## YOUR TASK
Please take the records that follow and repeat exactly the lines starting with the line with "Watch 23110422101002 Omega" and going on through the line with "Gewo Poloshirt Tavira".

## GIVEN INFORMATION
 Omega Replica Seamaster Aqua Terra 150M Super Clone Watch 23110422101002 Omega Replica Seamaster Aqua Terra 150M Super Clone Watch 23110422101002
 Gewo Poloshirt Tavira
--
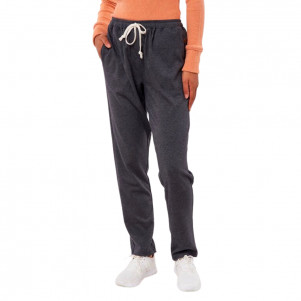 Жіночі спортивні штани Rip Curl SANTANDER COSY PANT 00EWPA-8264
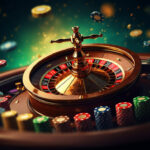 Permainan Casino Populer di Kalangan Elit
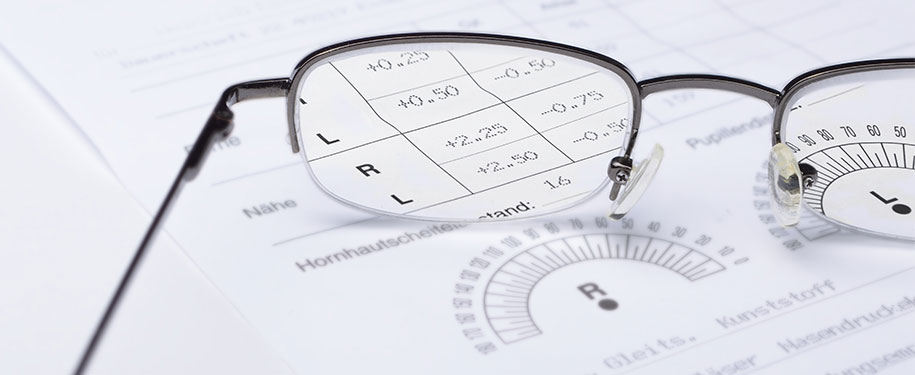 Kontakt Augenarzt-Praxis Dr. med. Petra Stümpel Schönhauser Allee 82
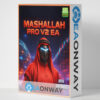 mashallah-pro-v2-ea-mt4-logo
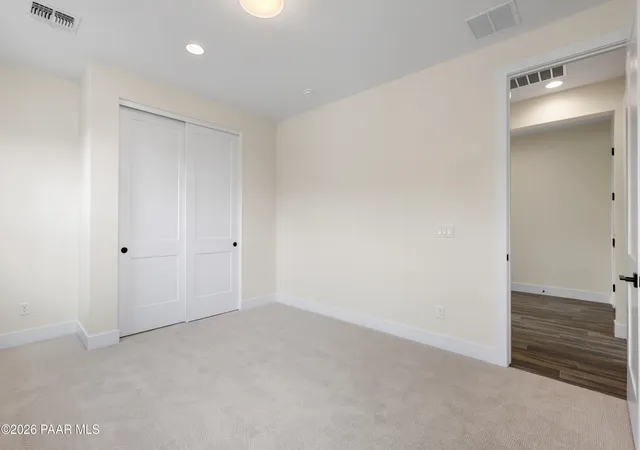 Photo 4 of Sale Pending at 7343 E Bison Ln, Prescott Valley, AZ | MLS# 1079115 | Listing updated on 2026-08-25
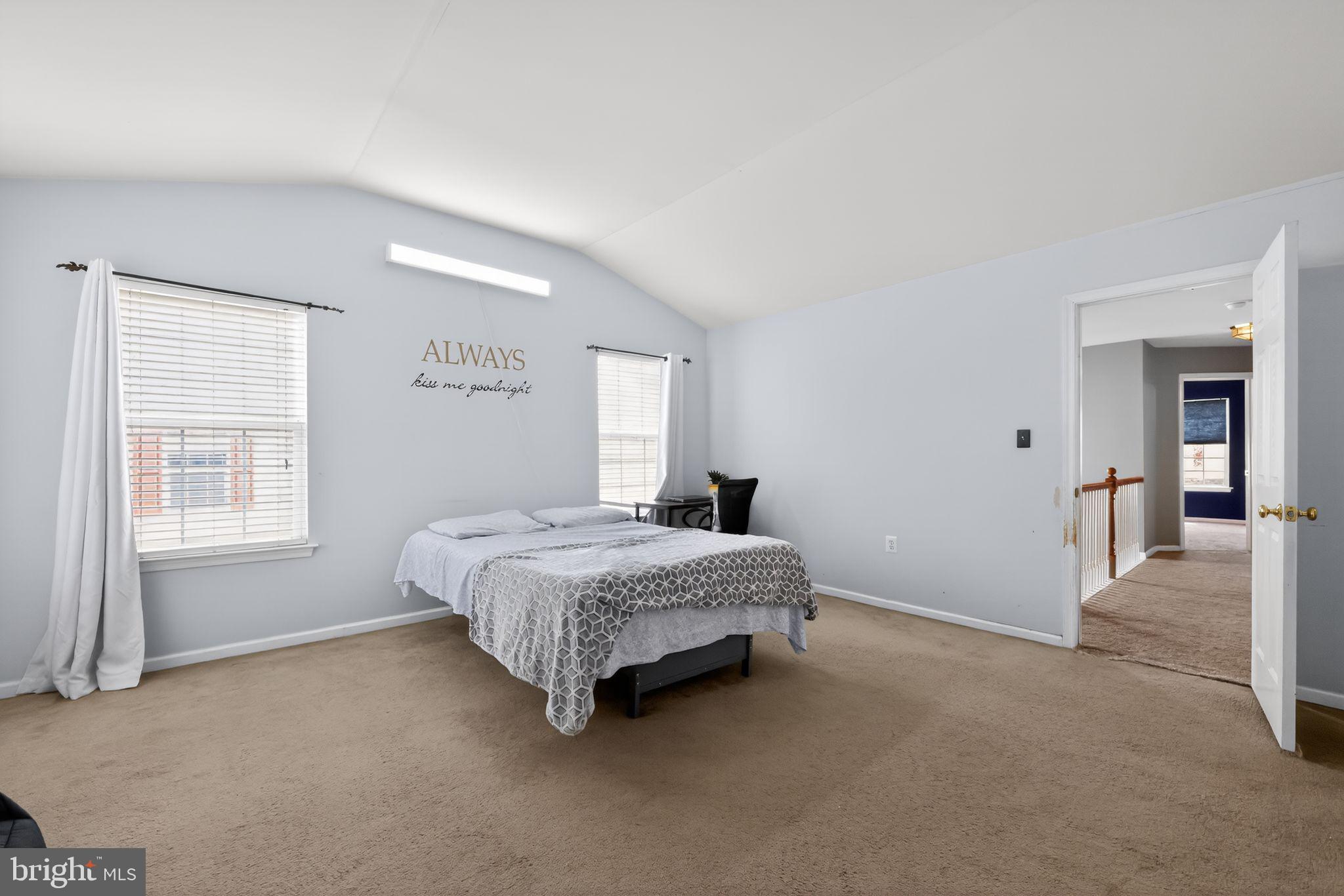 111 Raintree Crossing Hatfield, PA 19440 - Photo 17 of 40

## TASK RESPONSE
 Omega Replica Seamaster Aqua Terra 150M Super Clone Watch 23110422101002 Omega Replica Seamaster Aqua Terra 150M Super Clone Watch 23110422101002
 Gewo Poloshirt Tavira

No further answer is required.